The design decision was made to allow both FIFO and priority queue to be
available at the same timeq for all dsq's for three reasons. First, the new
priority queue is useful for the local dsq's too but they also need the FIFO
when consuming tasks from other dsq's as the vtimes may not be comparable
across them. Second, the interface surface is smaller this way - the only
additional interface necessary is scx_bpf_dispsatch_vtime(). Third, the
overhead isn't meaningfully different whether they're available at the same
time or not.

This makes it very easy for the BPF schedulers to implement proper vtime
based scheduling within each dsq very easy and efficient at a negligible
cost in terms of code complexity and overhead.

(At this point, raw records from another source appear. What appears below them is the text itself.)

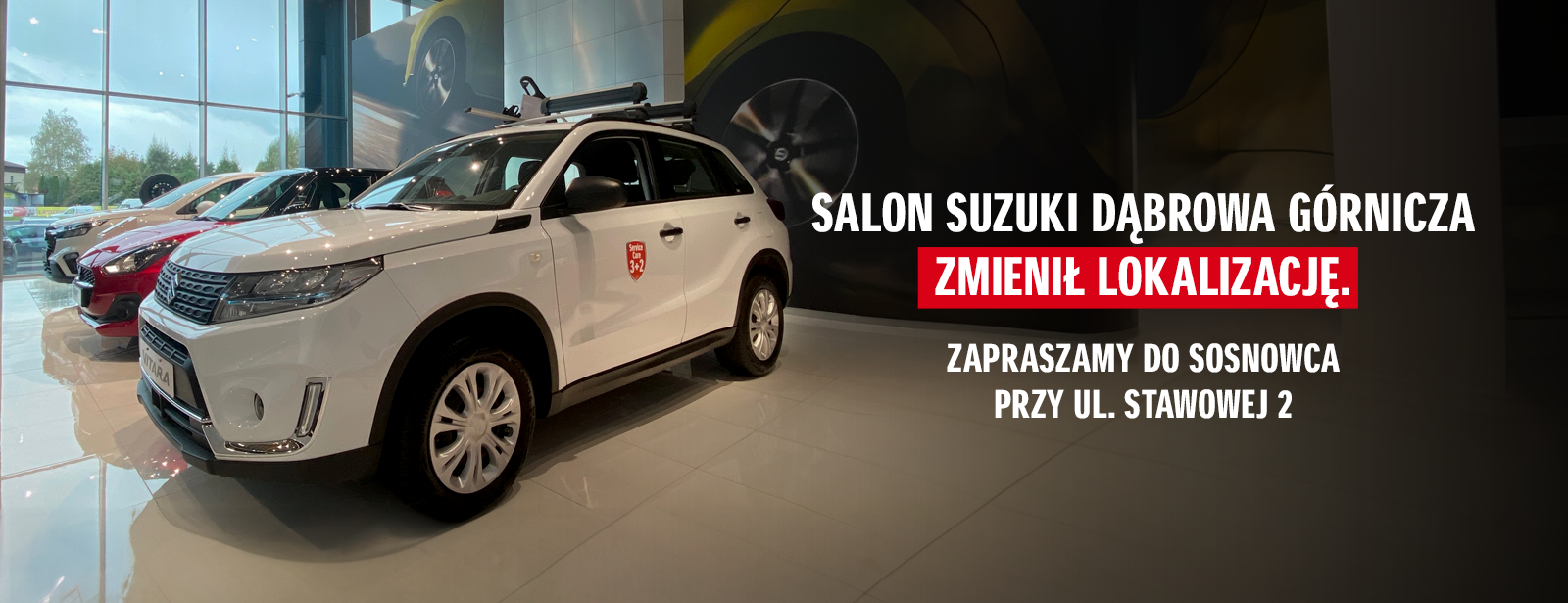 Nowy Salon Suzuki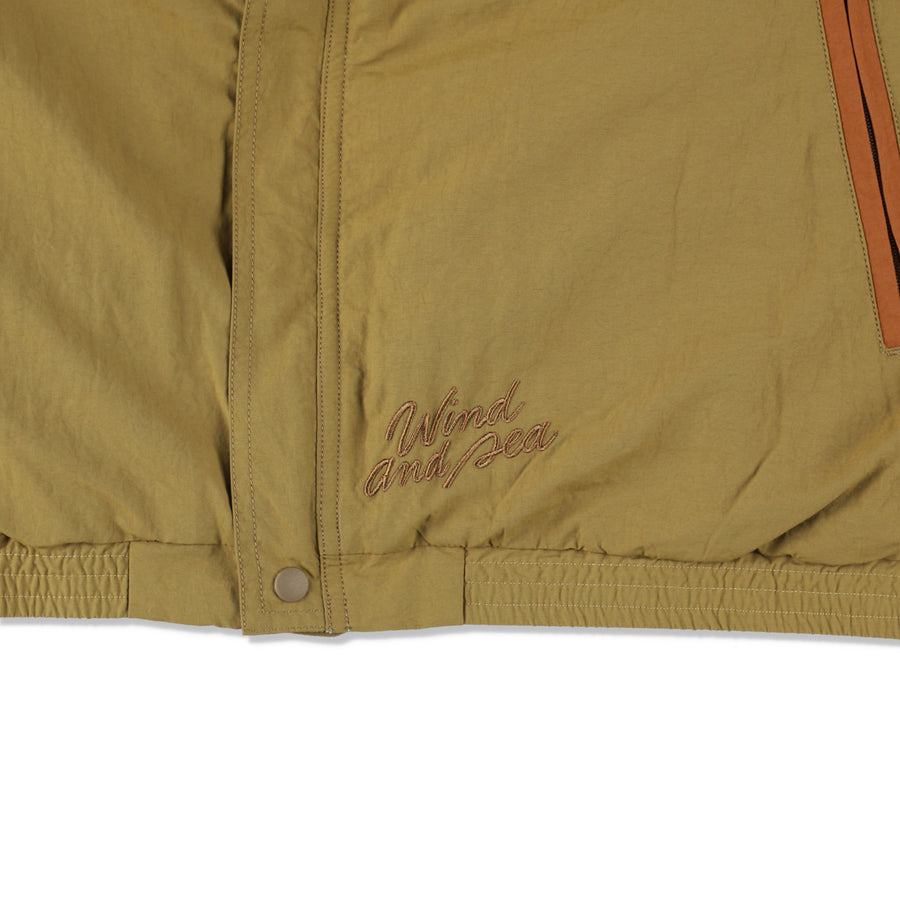 REVERSIBLE JACKET / KHAKI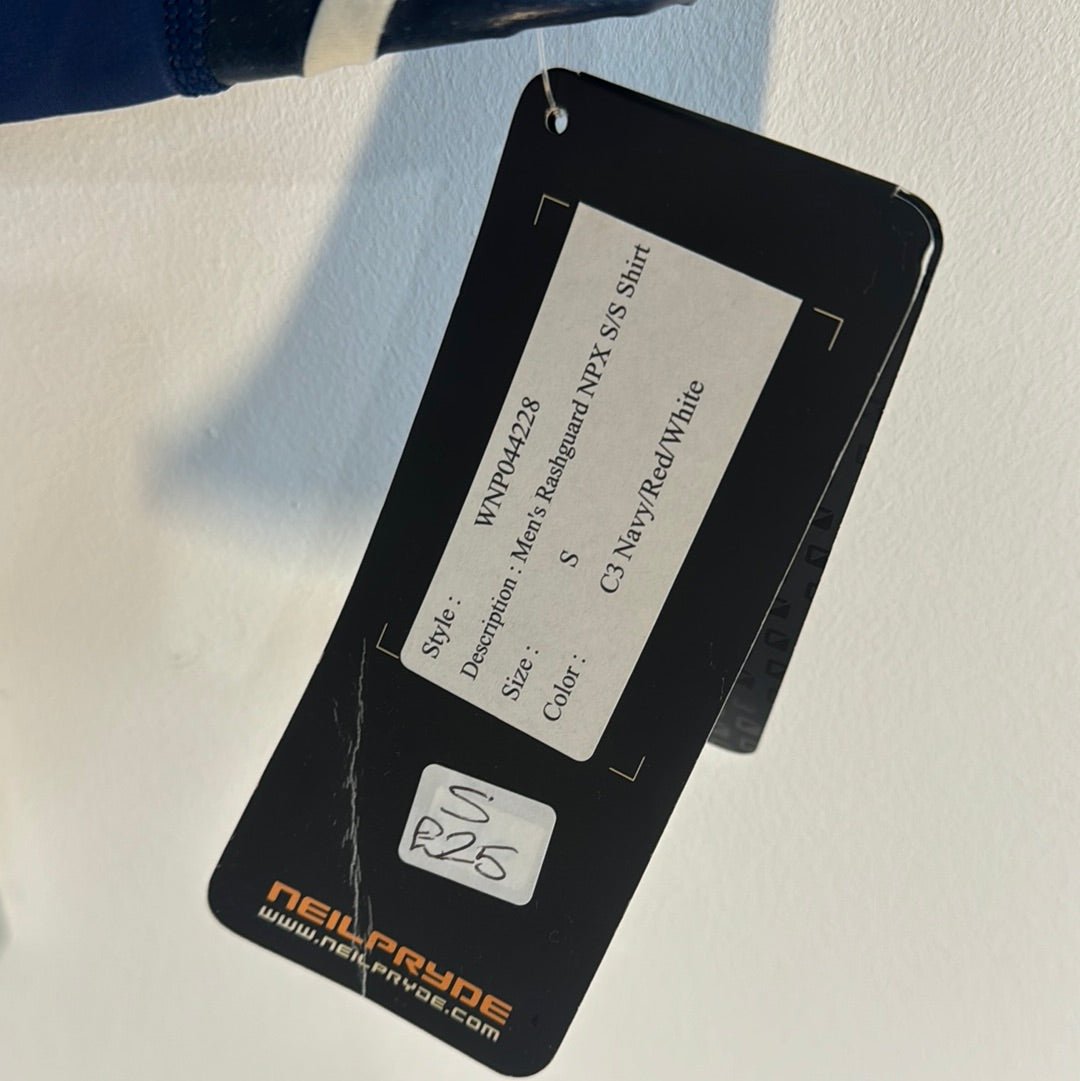 Neilpryde Men’s Rashguard NPX S/S size small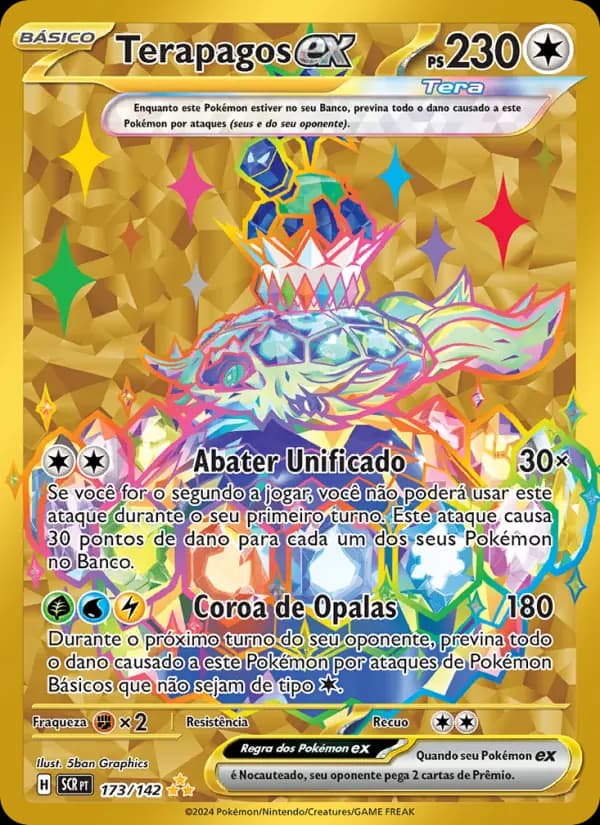 Terapagos ex, carta 173 de Coroa Estelar
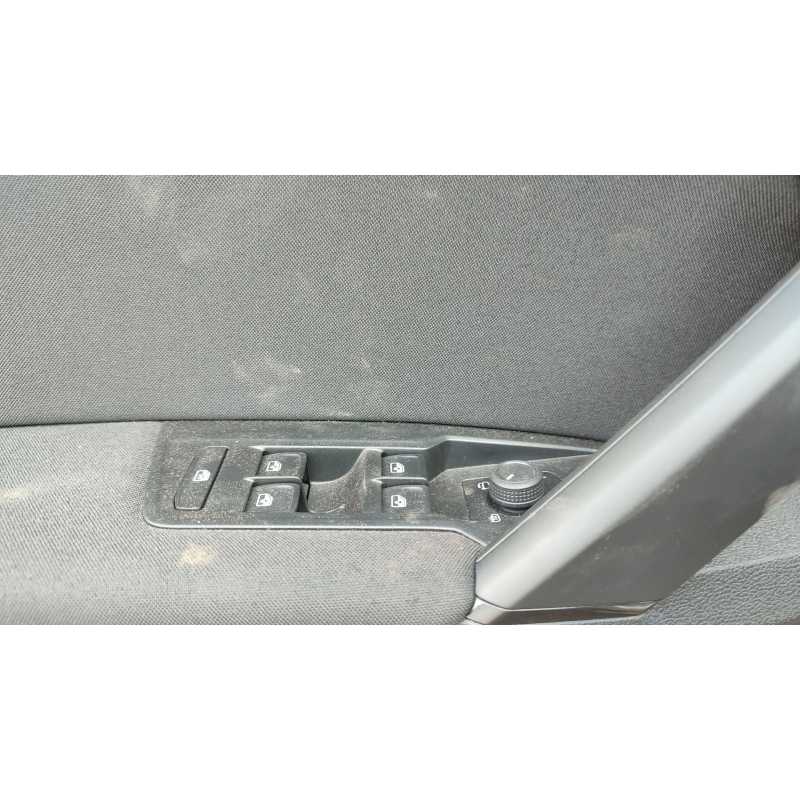 Recambio de mando elevalunas delantero izquierdo para volkswagen tiguan (ad1, ax1) 2.0 tdi referencia OEM IAM   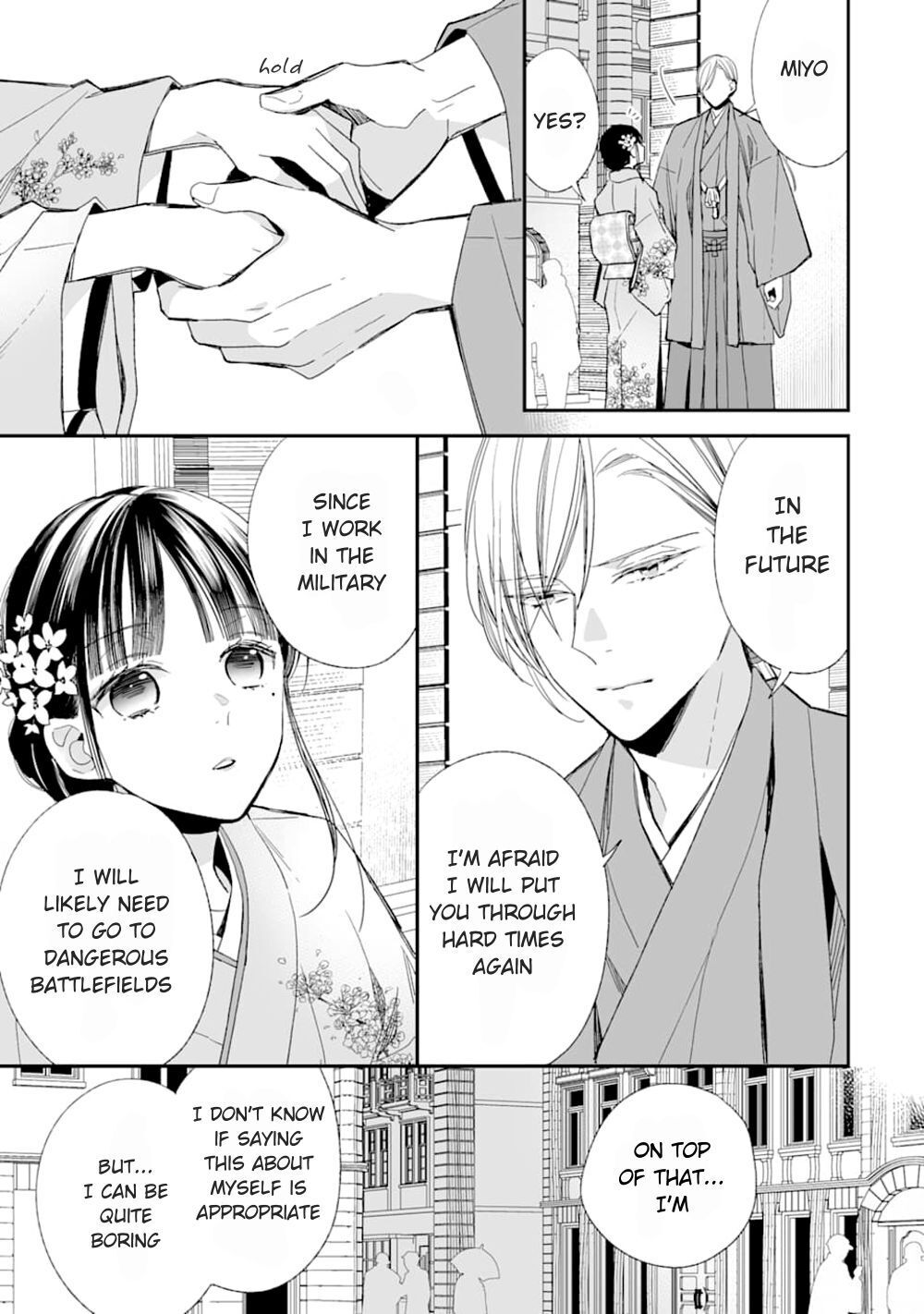 My Blissful Marriage Chapter 17 page 37 - Chapter 17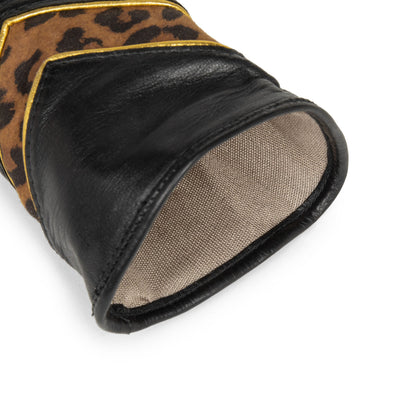 gants - accessoires gants femme #couleur_noir-lopard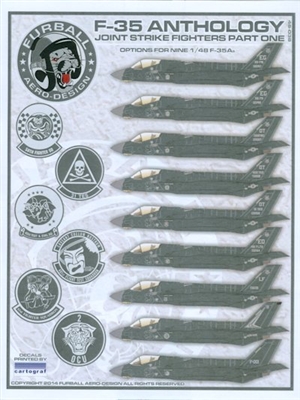Furball 48-038 - F-35 Anthology (Joint Strike Fighters, Part One)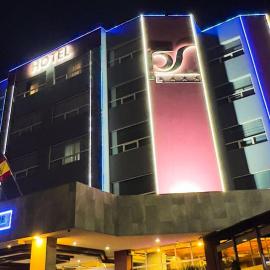 Hotel Parque Satelite, hotel v Mexiko City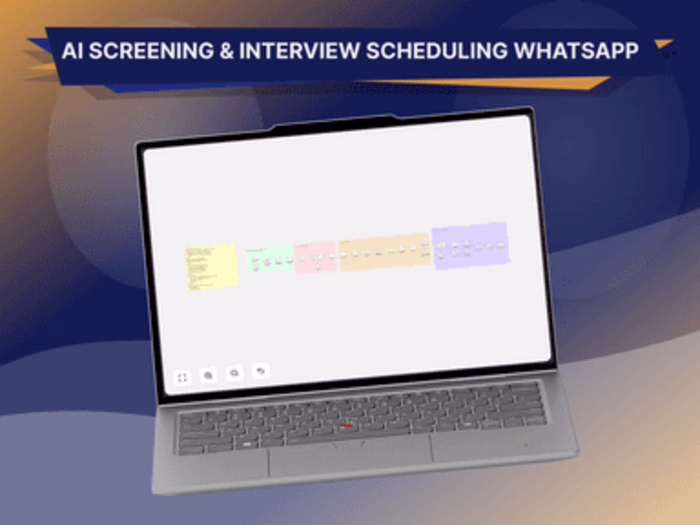 AI Recruitment Screening & Interview Scheduling on WhatsApp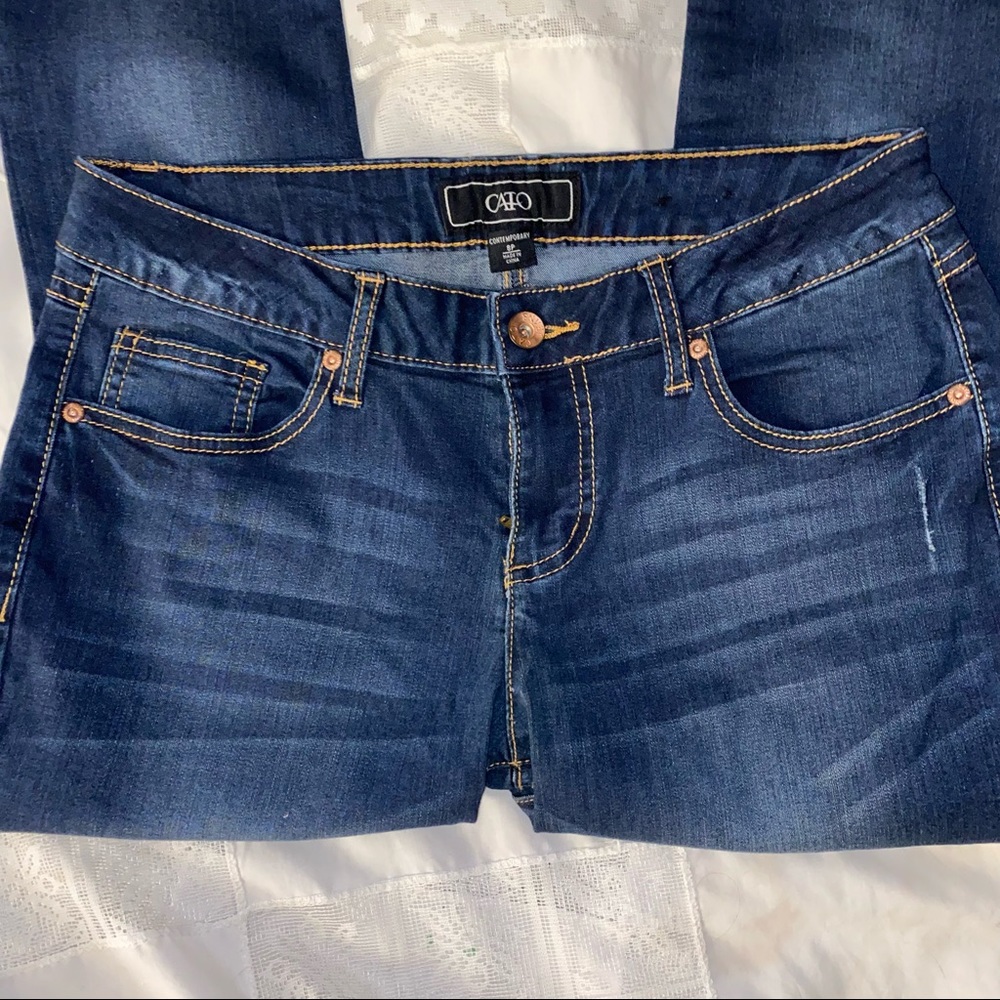 Cato Contemporary Skinny Jeans SIZE 8P - Picture 3 of 5
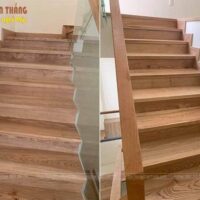 Cầu thang gỗ Sồi (Oak) 11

scx_simple and scx_example_flatcg are updated to default to weighted
vtime scheduling (the latter within each cgroup). FIFO scheduling can be
selected with -f option.

v2: p->scx.dsq_vtime was not initialized on load or across cgroup migrations
    leading to some tasks being stalled for extended period of time
    depending on how saturated the machine is. Fixed.

Signed-off-by: Tejun Heo <tj@kernel.org>
Reviewed-by: David Vernet <dvernet@meta.com>
---
 include/linux/sched/ext.h        |  16 +++-
 init/init_task.c                 |   2 +-
 kernel/sched/core.c              |   3 +-
 kernel/sched/ext.c               | 137 +++++++++++++++++++++++++++----
 kernel/sched/ext.h               |   1 +
 tools/sched_ext/scx_common.bpf.h |   1 +
 tools/sched_ext/scx_flatcg.bpf.c |  72 +++++++++++++++-
 tools/sched_ext/scx_flatcg.c     |   6 +-
 tools/sched_ext/scx_simple.bpf.c |  73 +++++++++++++++-
 tools/sched_ext/scx_simple.c     |   8 +-
 10 files changed, 293 insertions(+), 26 deletions(-)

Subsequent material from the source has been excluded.